[llvm] [WPD]Regard unreachable function as a possible devirtualizable target (PR #115668)

Mingming Liu via llvm-commits llvm-commits at lists.llvm.org
Sun Nov 10 12:08:03 PST 2024


https://github.com/minglotus-6 created https://github.com/llvm/llvm-project/pull/115668

https://reviews.llvm.org/D115492 skips unreachable functions (pure virtual functions) and potentially allows more static de-virtualizations.  

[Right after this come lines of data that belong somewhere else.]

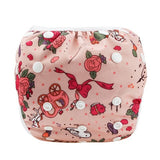 Newborn Baby Swimwear Adjustable Swim Diaper
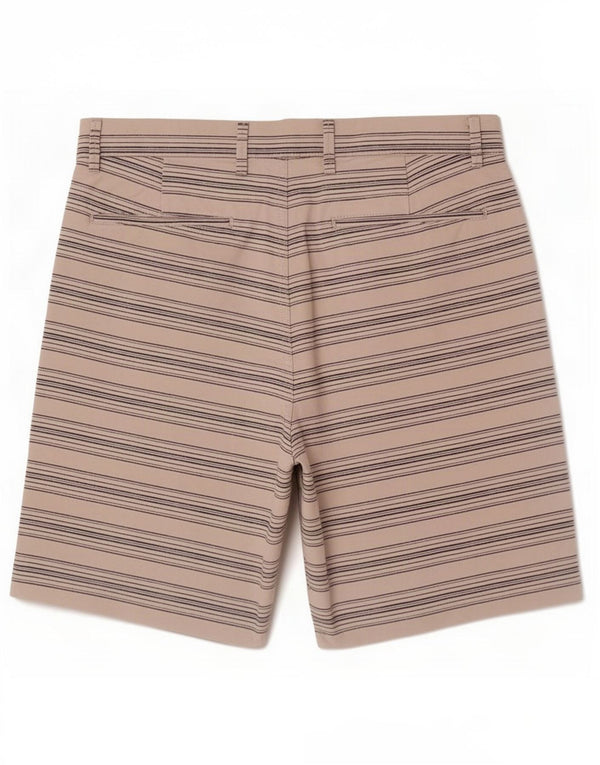 Женские шорты чинос Gap W32, хлопок, большая белая полоска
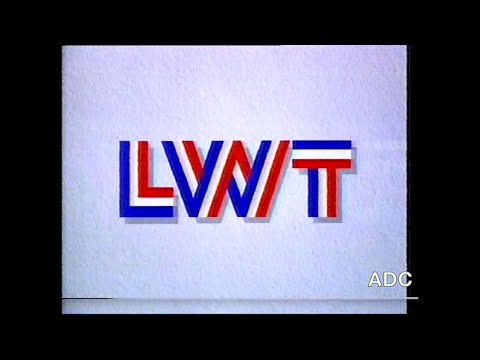 LWT adverts & link Keith Harrison 9th April 1988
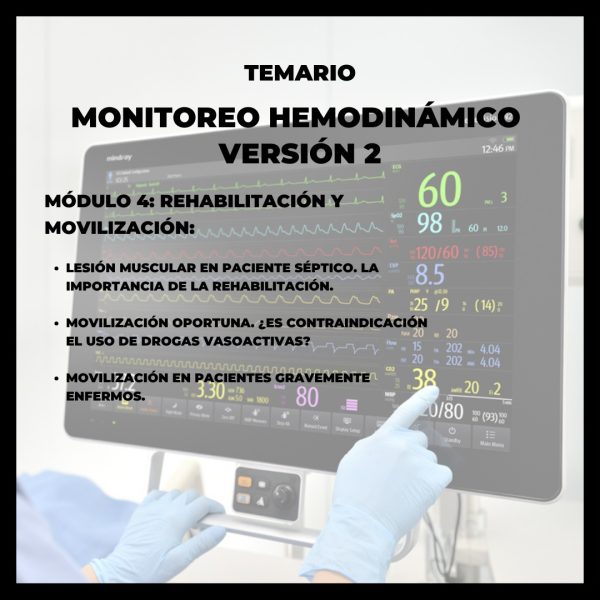 Monitoreo hemodinámico - Imagen 5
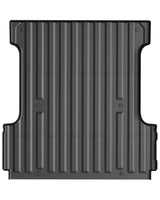 Garvee Truck Bed Mat for 2015-2025 Ford F150 SuperCrew Cab 5.5 ft Bed, Custom Fit TPE All Weather Pickup Truck Bed Liner Accessories, Black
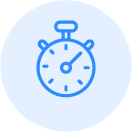 Icon with stopwatch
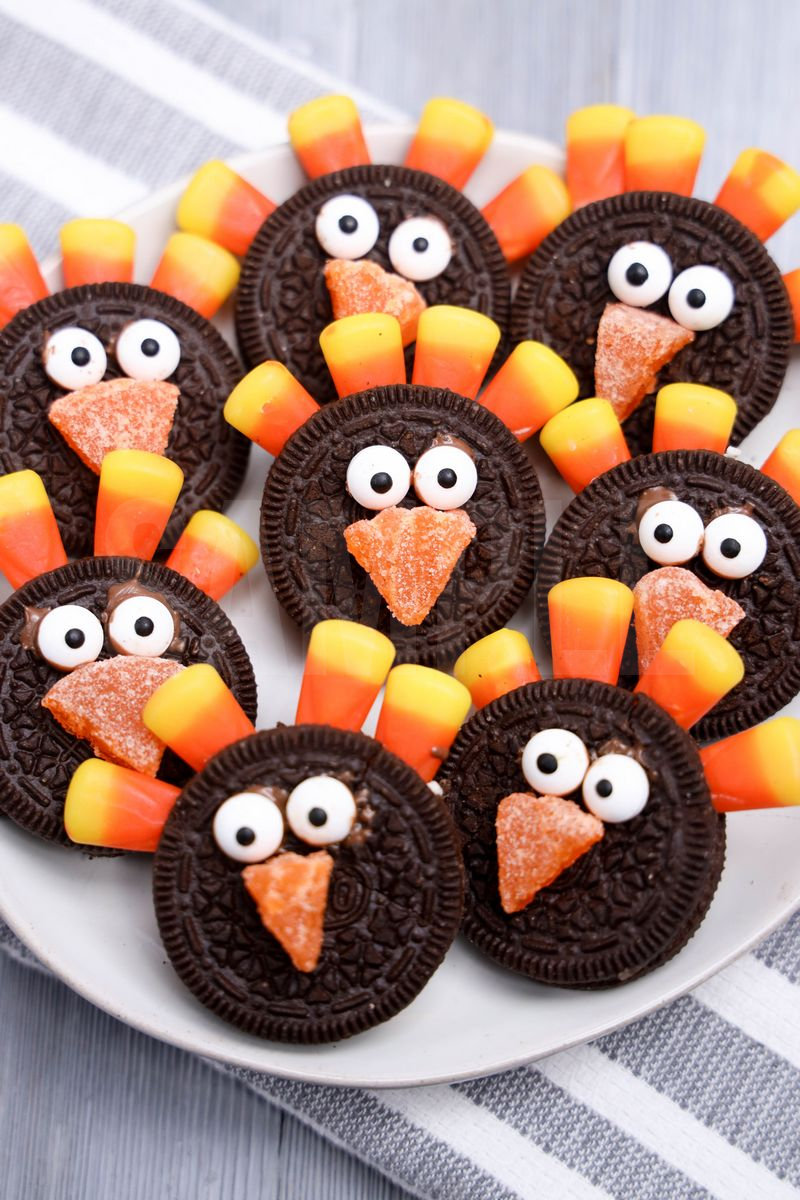 Turkey Oreos - Set 1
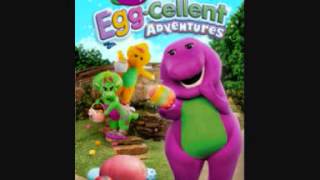 Barney  EggCellent Adventures  Clip [upl. by Naehgem]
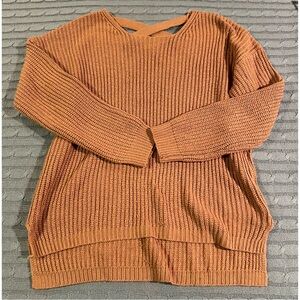 Cross Back Sweater - Size M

This PR proposes to undo the change, because it turns out there are other unreachable functions that a general program wants to run and fail intentionally, with `LOG(FATAL)` or `CHECK` [0] for example. While many real-world applications are encouraged to check-fail sparingly, they are allowed to do so on critical errors (e.g., misconfiguration or bug is detected during server startup).
* Implementation-wise, this PR keeps the one-bit 'unreachable' state in bitcode and updates WPD analysis.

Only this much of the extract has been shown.